‘Last big push’
Research published in 2018 in the Environmental Research Letters journal analysed a much larger sample of 13,000 cities, big and small, finding 100 cities containing 11 per cent of the world’s population drove 18 per cent of its carbon footprint.
Still, the new analysis “contributes to the growing literature and our understanding of urban emissions”, said Yale University Geography and Urban Science professor Karen Seto, who co-authored the 2018 paper.
“It’s really difficult to compare apples to apples on city greenhouse gas emissions but you have to try, and the paper makes a pretty good effort,” added Dan Hoornweg, a professor at Ontario Tech University and former adviser to the World Bank on sustainable cities and climate change.
Chen said the new analysis was the first to look at megacity emissions reduction targets and progress in cutting back.

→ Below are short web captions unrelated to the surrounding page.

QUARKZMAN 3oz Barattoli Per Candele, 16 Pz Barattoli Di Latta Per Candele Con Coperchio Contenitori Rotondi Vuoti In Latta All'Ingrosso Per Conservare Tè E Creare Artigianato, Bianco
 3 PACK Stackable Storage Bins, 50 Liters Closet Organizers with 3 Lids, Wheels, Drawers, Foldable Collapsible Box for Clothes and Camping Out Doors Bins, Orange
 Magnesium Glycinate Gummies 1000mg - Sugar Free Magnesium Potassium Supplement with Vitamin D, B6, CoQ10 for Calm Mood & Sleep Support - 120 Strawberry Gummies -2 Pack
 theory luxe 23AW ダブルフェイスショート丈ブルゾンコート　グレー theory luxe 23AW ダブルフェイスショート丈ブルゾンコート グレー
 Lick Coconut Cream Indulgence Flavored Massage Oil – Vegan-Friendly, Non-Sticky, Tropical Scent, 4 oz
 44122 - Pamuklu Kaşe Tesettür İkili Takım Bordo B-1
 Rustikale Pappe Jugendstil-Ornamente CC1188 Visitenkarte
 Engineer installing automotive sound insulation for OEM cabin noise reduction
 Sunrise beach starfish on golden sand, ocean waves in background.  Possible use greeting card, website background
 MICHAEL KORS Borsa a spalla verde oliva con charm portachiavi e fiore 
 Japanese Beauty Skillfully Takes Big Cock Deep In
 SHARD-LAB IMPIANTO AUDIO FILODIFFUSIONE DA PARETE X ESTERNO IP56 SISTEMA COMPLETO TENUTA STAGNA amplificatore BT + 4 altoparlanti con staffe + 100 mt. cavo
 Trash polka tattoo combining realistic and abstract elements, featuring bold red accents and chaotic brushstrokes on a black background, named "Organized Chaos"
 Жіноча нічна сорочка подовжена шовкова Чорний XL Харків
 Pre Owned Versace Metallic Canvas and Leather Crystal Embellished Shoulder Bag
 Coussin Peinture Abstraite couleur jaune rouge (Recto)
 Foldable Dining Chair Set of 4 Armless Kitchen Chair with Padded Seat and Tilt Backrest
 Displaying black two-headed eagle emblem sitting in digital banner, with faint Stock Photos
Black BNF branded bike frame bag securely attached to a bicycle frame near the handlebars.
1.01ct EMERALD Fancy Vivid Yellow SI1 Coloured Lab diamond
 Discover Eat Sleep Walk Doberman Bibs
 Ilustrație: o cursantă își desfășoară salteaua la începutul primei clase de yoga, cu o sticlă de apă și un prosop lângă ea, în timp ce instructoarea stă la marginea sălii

Sixty-eight of the cities – mostly in developed nations – had set absolute emissions reduction targets.
But only 30 of the 42 cities where progress was tracked in the study had shown a reduction. Most of them were in the United States and Europe.
The analysis confirms scientists’ expectations that whereas in China, cities with high per capita emissions are generally major manufacturing hubs, those in developed nations with the highest per capita rates tend to have strong levels of consumption.
While more developed economies in Europe and elsewhere can now grow without increasing emissions, the world is moving at different speeds, said Hoornweg.
“They generated a tonne of emissions on the way to get there and China is in that stage now. We know India is getting there at some point and the last big push in all of this will be Africa.”